Moreover, the study indicated that live models (both male and female) outperformed video models, consistent with Harrison et al.'s (19) investigation into the impact of two models of tactical demonstration on volleyball skill development. Ross et al. (20) also suggested that OB contributes to a cognitive representation of skill. However, this finding contradicts Maleki et al.'s (21) research, where no significant difference was noted between observing a live model and an animated model.

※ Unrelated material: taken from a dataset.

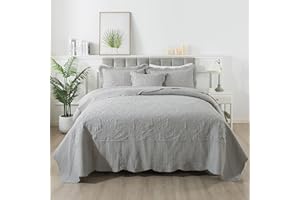 HoneiLife Oversized King Bedspreads - California King Quilt 128x120, 4-Piece Cal King Quilt Sets,Rustic Bedding Sets King Size,Extra Large Coverlets Lightweight Bed Cover for All Season Use-Grey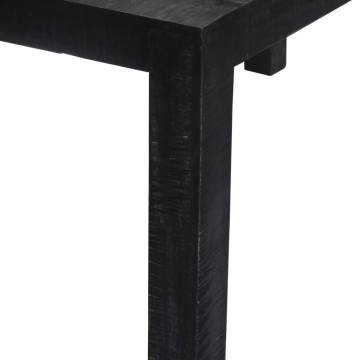 Dining Table Black 140x80x76 cm Solid Mango Wood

Another notable point is that presenting male and female video models did not yield a significant difference in skill acquisition and retention. This finding contrasts with studies such as Tannoubi et al.'s (22) research on video exposure's impact on basketball skill development in novice players, Trabelsi et al.'s (23) study on video modeling examples as effective tools for self-regulated learning in physical education , and Souissi et al.'s (8) investigation into self-monitoring video feedback in weightlifting. Additionally, Trabelsi et al. (23) work suggested that repeated viewing of a video model activated various learning and metacognitive strategies, even without direct instruction. One potential reason for our differing results might be the limited duration of skill demonstration in our study, as compared to other research where subjects were exposed to video modeling for longer durations. Magill highlighted that effective OB requires sufficient time for subjects to familiarize themselves with the skill demonstration. He suggests considering task difficulty as a variable during exercises (24).
5.1. Conclusions
We conclude from this research that it is better to use live models to teach skills to beginners. for our subject who are in puberty and are affected by the limbic system, the opposite sex pattern leads to more attention and effort, and as a result, better learning.